It’s a warm piece of organic, analogue-feeling but not excessively lo-fi, sinister avantgarde performance, with slow guitar loops at its core. With filmic reverb, uncomfortable drunken flange-like note-twisting and Lygeti-esque sustained choral-ish high notes and some elements played in reverse, it’s a familiar enough set of ingredients but sincerely mixed.
Though split into nine relatively short parts (numbered “twenty seven” to “thirty five”, albeit with the letters reversed), it’s a coherent 33-minute-long work that could be regarded as one piece in nine stanzas; no one piece breaks or challenges the tone. “Thirty one” (sorry, “eno ytriht”) is the most complete standalone piece that develops within itself, many of the others are little more than one evolving loop, but it flows well, especially the heightening tension in the finale “evif ytriht”.
Described in the press release as “discordant chorded minimalist guitar jazz music for art galleries”, I wouldn’t challenge that, especially with the emphasis on discordant.
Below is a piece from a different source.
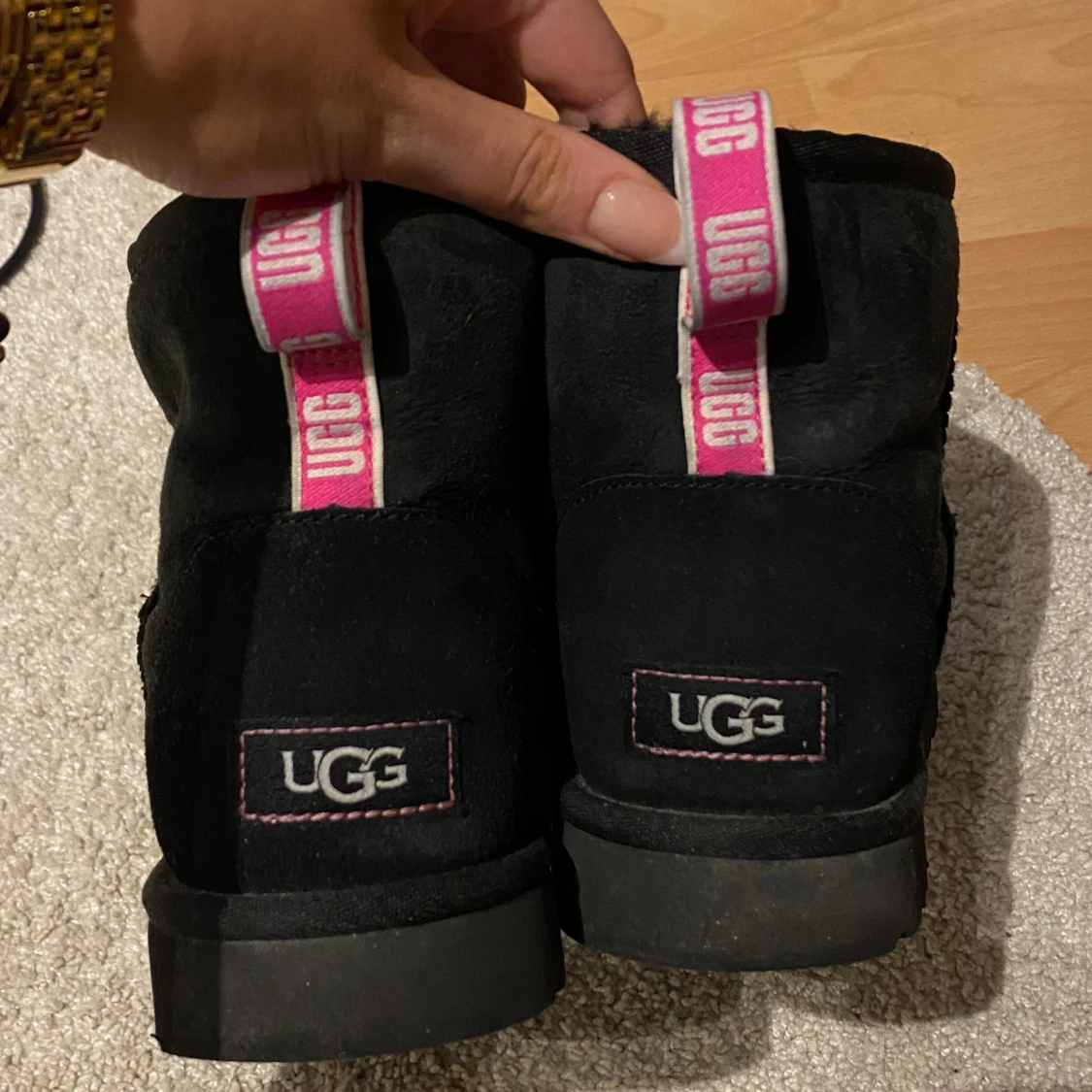 UGG classic mini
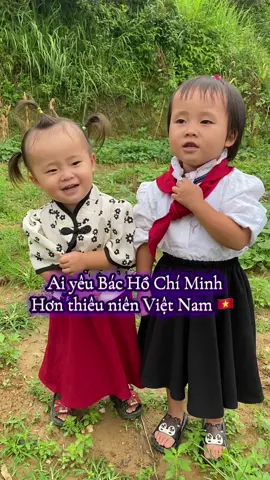 2 chị em Trà,San song ca về Bác ạ😍😃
~ Stuart Bruce, Chain D.L.K.

The aural equivalent of taking the brown acid, Electric Bird Noise’s “The Spider…The Christ Child…The Crow” is a dark kind of beauty. Songs find themselves twisted and contorted into dazzling displays of pitch black colors. With such attention to detail the multiple layers of sound collide and split apart revealing vast universes hidden underneath, just out of view. By opting for such a loose and free approach the songs feel nearly endless in scope. Throughout it all what ties the album together is a sense of purpose, of unsettling the mood.
“neves ynewt” starts the album off right with mere whispers from the guitar. From there the guitar eventually grows ever more chaotic until it becomes all-engrossing. Discordant echoes emerge from the madness of “thgie ytnewt”. Almost settling into a strange groove of sorts is the No Wave inspired work of “enin ytnewt” one of the highlights of the album. Quite muscular is the bass rumblings of “ytriht” whose sense of panic feels palpable. A sense of hesitancy holds onto the uneasy atmospheres of “owt ytriht”. By far the highlight of the album, the way the guitar strumming resembles a miniature symphony gives the song true power. Drones drift by with a leisurely sensibility on the surprisingly airy “ruof ytriht”. Bringing the album to a wonderful conclusion is the spacious echoes of “evif ytriht”.
Best taken in as a whole, Electric Bird Noise sculpts sound with an artist’s precision on the mysterious “The Spider…The Christ Child…The Crow”.